# EXERCISE DESCRIPTION:
With the pictures left out, write out exactly the lines of the listing below that run from the line with "This new mask" through the line with "I Became the".

# TASK INPUT:
^^^^^^^^^^^^^^^^

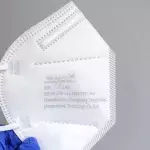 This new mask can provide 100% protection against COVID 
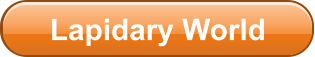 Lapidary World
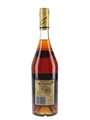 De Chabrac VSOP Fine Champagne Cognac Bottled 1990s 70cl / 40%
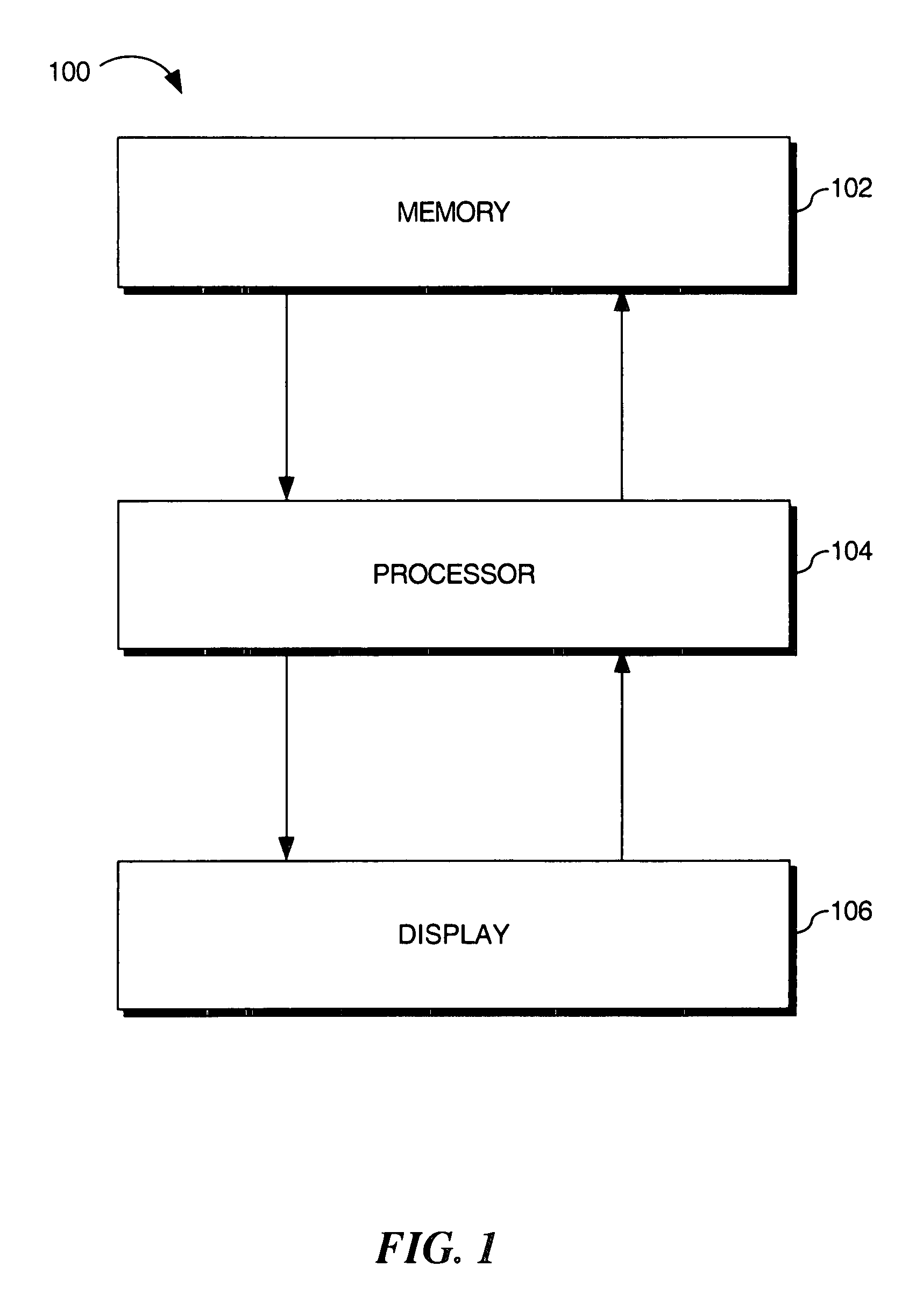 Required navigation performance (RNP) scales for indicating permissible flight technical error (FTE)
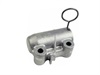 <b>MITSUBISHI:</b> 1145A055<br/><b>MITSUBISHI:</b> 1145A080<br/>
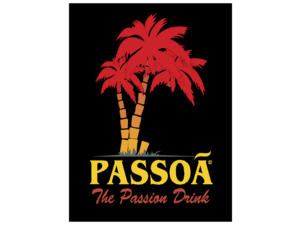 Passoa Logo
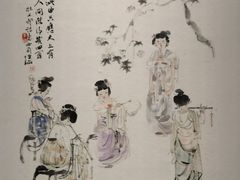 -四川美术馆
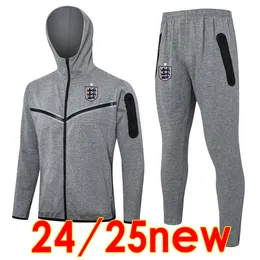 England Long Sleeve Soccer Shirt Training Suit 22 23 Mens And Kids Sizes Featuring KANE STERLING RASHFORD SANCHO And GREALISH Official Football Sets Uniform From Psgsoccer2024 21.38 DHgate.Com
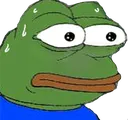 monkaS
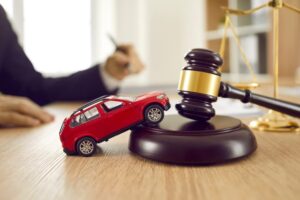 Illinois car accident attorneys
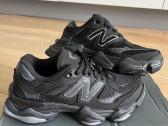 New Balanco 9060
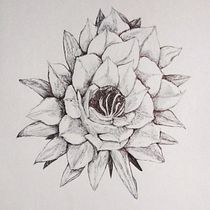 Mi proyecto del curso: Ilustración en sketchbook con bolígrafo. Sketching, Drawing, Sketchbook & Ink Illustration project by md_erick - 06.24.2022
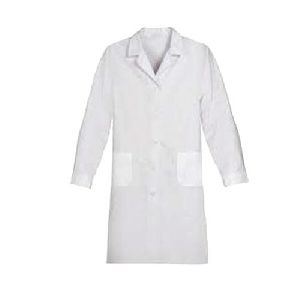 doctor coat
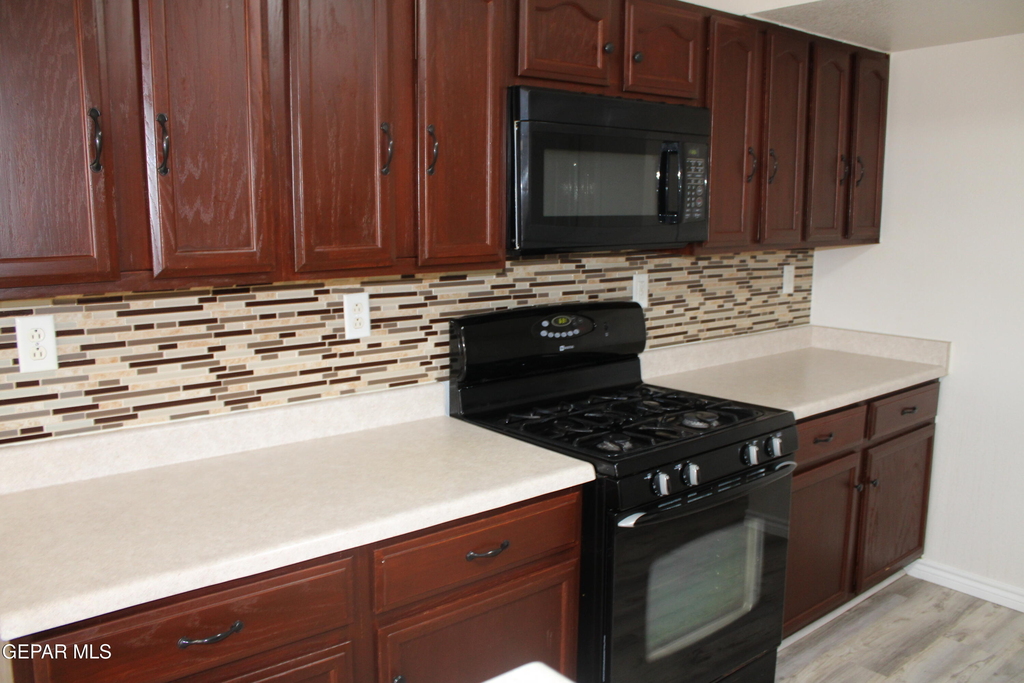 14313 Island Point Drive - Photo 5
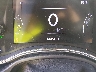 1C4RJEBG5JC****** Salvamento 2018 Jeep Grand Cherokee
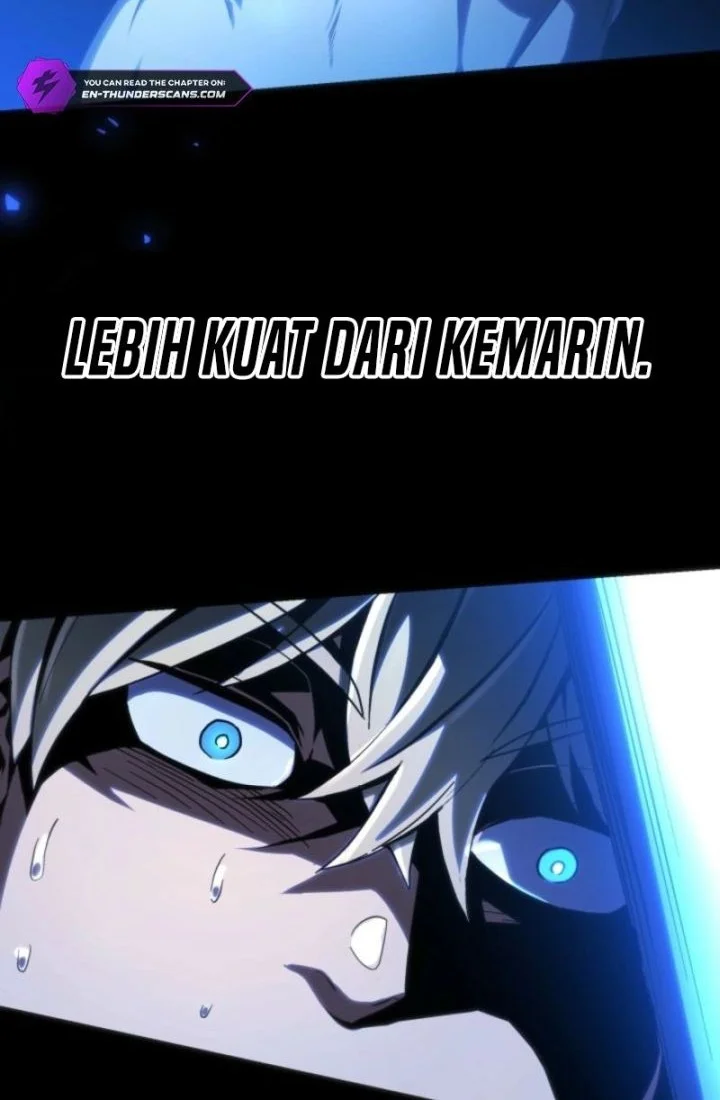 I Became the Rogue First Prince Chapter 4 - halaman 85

^^^^^^^^^^^^^^^^

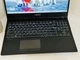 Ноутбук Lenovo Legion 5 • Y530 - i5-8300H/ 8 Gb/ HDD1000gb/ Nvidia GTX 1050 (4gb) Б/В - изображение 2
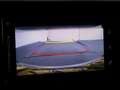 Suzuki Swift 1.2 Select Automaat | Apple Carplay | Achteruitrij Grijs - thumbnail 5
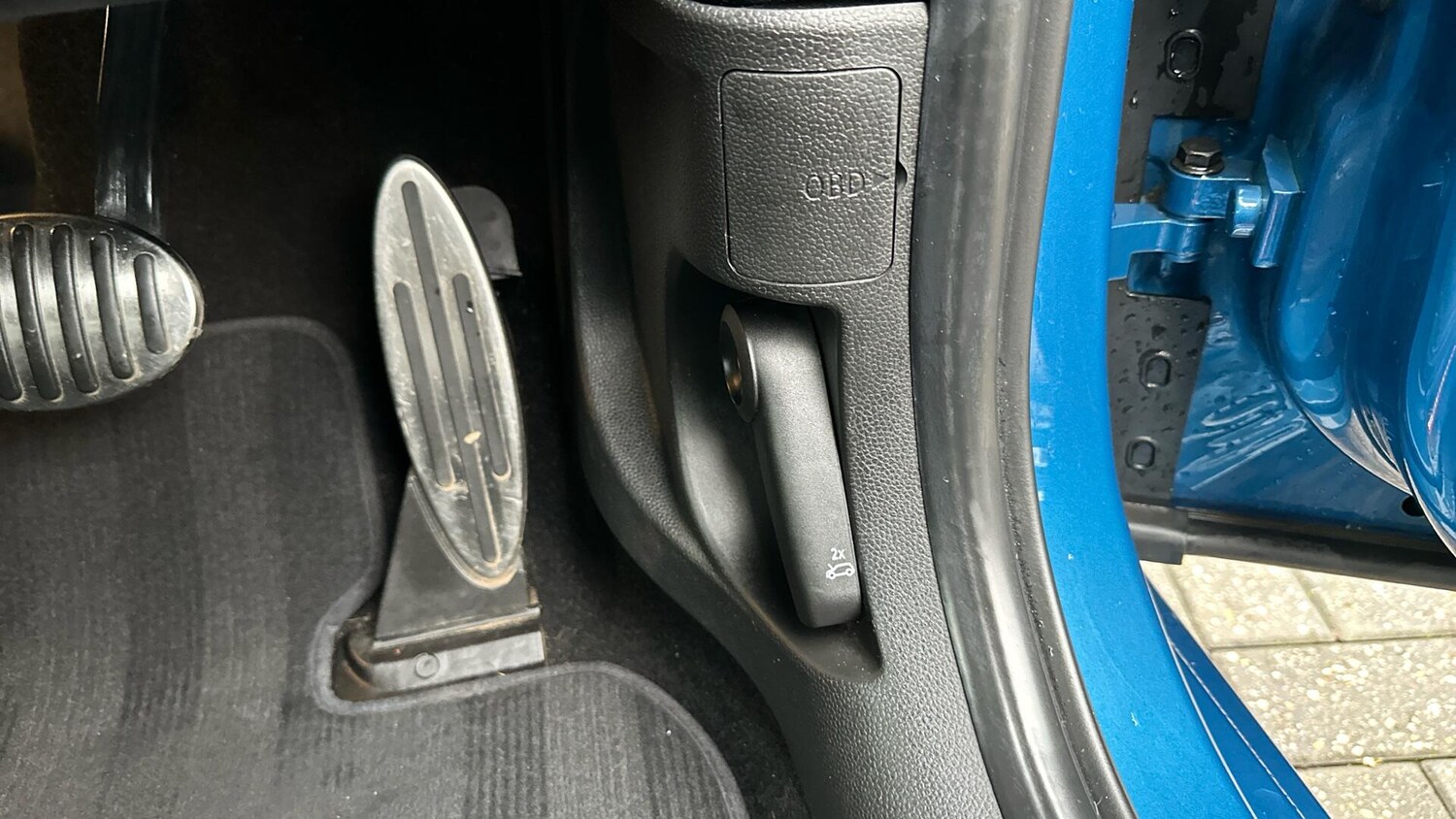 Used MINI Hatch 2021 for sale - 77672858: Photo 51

^^^^^^^^^^^^^^^^

# TASK SOLUTION:
 This new mask can provide 100% protection against COVID 
 Lapidary World
 De Chabrac VSOP Fine Champagne Cognac Bottled 1990s 70cl / 40%
 Required navigation performance (RNP) scales for indicating permissible flight technical error (FTE)
 <b>MITSUBISHI:</b> 1145A055<br/><b>MITSUBISHI:</b> 1145A080<br/>
 Passoa Logo
 -四川美术馆
 England Long Sleeve Soccer Shirt Training Suit 22 23 Mens And Kids Sizes Featuring KANE STERLING RASHFORD SANCHO And GREALISH Official Football Sets Uniform From Psgsoccer2024 21.38 DHgate.Com
 monkaS
 Illinois car accident attorneys
 New Balanco 9060
 Mi proyecto del curso: Ilustración en sketchbook con bolígrafo. Sketching, Drawing, Sketchbook & Ink Illustration project by md_erick - 06.24.2022
 doctor coat
 14313 Island Point Drive - Photo 5
 1C4RJEBG5JC****** Salvamento 2018 Jeep Grand Cherokee
 I Became the Rogue First Prince Chapter 4 - halaman 85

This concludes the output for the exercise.